I'm trying to drag legal vocabulary into 2008. Goodness knows we don't need words from 1908, let alone 1708. So here are a few legal words we can leave behind.

aforementioned
Why use this outdated word when its shorter cousin, aforesaid is available? I'm kidding. Eliminate them both and specify the place you are referring to.

comes now
A lawyer once asked me to settle a debate at the office: “If there is one plaintiff, it's 'COMES NOW Rodney Jackson, . . .' But if there are two plaintiffs, shouldn't it be 'COME NOW Rodney and Melinda Jackson, . . .'?” Of course, I told him that the correct answer was to stop beginning pleadings with this archaic phrase. And drop the ALL-CAPS.

hereinabove
Almost all the here- words should go, but this is the most annoying. It's old and vague. As with almost all legal writing, the better approach is to specify what you are referring to and where it can be found.

inter alia
Latin words that aren't terms of art, as this one isn't, ought to be eliminated: vel non, sub judice, sua sponte, and others.

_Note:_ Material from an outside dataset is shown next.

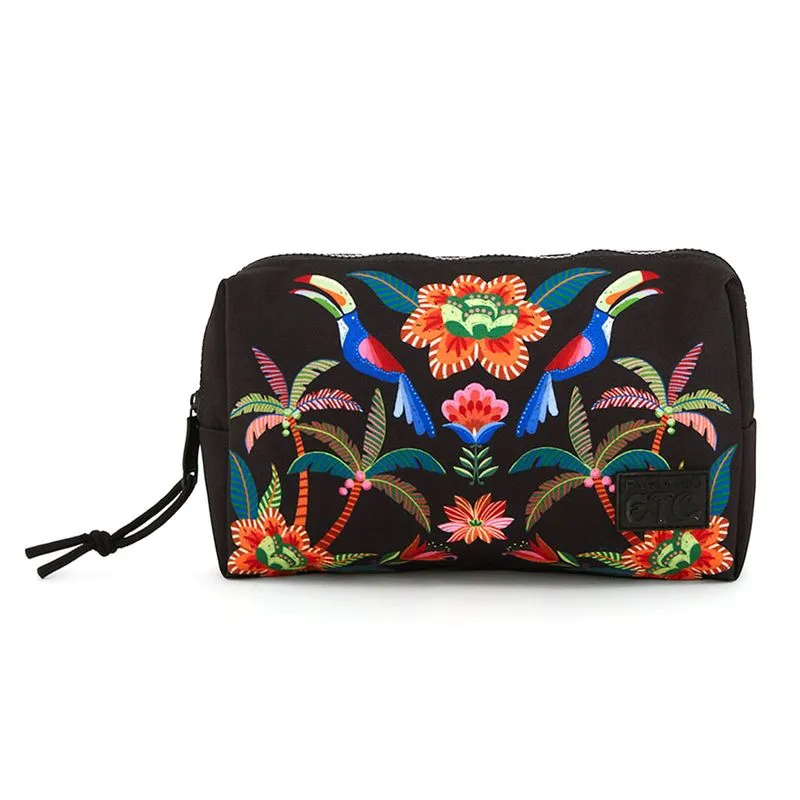 Necessaire Feminina Farm Jardim Tropical Preto 78337538 UNICO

But this one I particularly dislike. Let's use the everyday-English equivalent: among others or among other things.

instant case
This case, our case, the Jackson case, and the current case are all better.

said
As an adjective to designate a noun that has been mentioned before, this word is no more precise than this, that, these, those, and the. All it really does is make the text smell legal.

subsequent to
Its cousin, prior to, is only slightly less pretentious. Expert writers who want clean, vigorous prose prefer before and after.

witnesseth
This word has no place in modern legal drafting. If you prepare transactional documents, and you're afraid to take it out, be brave. And look it up: you don't have to take my word for it. One expert calls it an “antiquarian relic.” Black's Law Dictionary 1634 (Bryan A. Garner, ed., 8th ed., 2004)

-trix suffix words like administratrix, executrix, prosecutrix, testatrix
In 1992, a legal-vocabulary expert said these forms were “dying.” David Mellinkoff, Mellinkoff's Dictionary of American Legal Usage 600 (1992). We can no longer wait around. Kill them off now. They're sexist, archaic, and hard to pronounce.

For further guidance on outdated and useless legal words, see

Adam Freedman, The Party of the First Part: The Curious World of Legalese (2007).
Bryan A. Garner, A Dictionary of Modern Legal Usage (2d ed. 1995).
David Mellinkoff, Mellinkoff's Dictionary of American Legal Usage (1992).